Last year, a storm erupted over the assertion by an Indian politician, Shashi Tharoor, that Britain ought to return the famous Koh-i-Noor diamond to India. Afterwards, a private advocacy group, Mountain of Light, began legal proceedings in a British court to have the diamond returned to India, a move opposed by the British government.
While I agreed at the time that it would have been a positive gesture, from a public relations perspective, for Britain give the diamond to India because of the strong emotions it elicits in India, there are several reasons such a return is difficult to contemplate.
The diamond has a long history of exchanging hands, almost always through conquest. This makes it hard to argue that the most recent exchange of the diamond, to Britain, was a special case.
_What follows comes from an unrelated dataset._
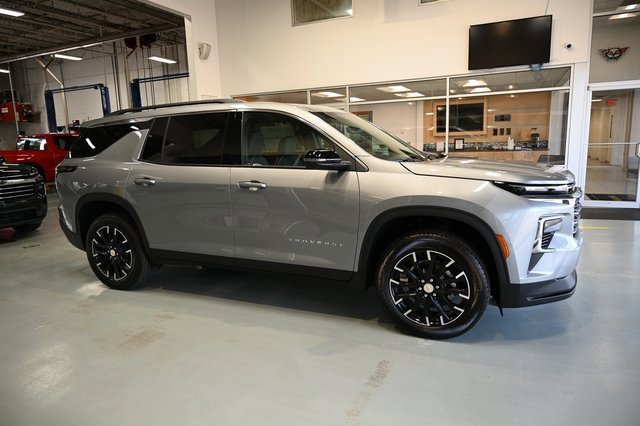 2026 Chevrolet Traverse photo 3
Furthermore, it makes it difficult to establish ownership of the diamond, with the present day countries of India, Pakistan, Afghanistan, and Iran all having some sort of claim on the diamond. The original owner of the diamond is a local medieval state in south-central India, the Kakatiya Kingdom, that no longer exists.
This is important because it has legal implications. The main question at hand is whether there is a legal case to be made for the return of the diamond to India. While many would argue that the issue of the diamond’s return is more a matter of right or wrong than legalities, upholding and following legal procedure in this and related cases of international property disputes is of utmost importance.
To do otherwise would open up a Pandora’s box, as British Prime Minister David Cameron has argued, of arbitrary and chaotic claims and counterclaims all over the world on a variety of disputes, many of which would be anachronistic. In a similar case, Greek courts concluded that they would not have a strong argument for regaining the Elgin Marbles, taken from Ottoman-ruled Greece by the British, because of a statute of limitations and the fact that the transfer was legal at that time.
It seems as though some figures in the Indian government have come to the conclusion that there is no legal case to be made for the return of the diamond, however distasteful this may be to them. Whatever the morality of the ownership of the diamond or the conditions by which it came to Britain–the last owner before the British crown, Duleep Singh, is often thought to have gifted it to Queen Victoria under duress–it cannot be definitely proven in a court of law that the diamond was “stolen.”
The solicitor general for the Indian government, Ranjit Kumar, said on Monday that the diamond was “neither stolen nor forcibly taken,” in response to a case being heard by the Indian Supreme Court as to whether it should direct the Indian government to retrieve the diamond.
Nonetheless, the court is still considering the issue, as it does not want to close the door for future attempts to bring back items that once belonged to India.
Moreover, according to CNN, a statement by the Indian Ministry of Culture on Tuesday said that the solicitor general’s views were not those of the Indian government and it “reiterated its resolve to make all possible efforts to bring back the Koh-i-Noor Diamond in an amicable manner.”
It should be noted that the Indian government has retrieved several ancient artifacts from Germany, Australia, and Canada with the cooperation of governments there and without the need to initiate legal proceedings. However, in many of those cases, the artifacts in question were actually stolen by art thieves and there was no question over whether India had a right to them.
Untangling disputes from colonial times, where ethical and legal issues are tangled, is a more difficult task.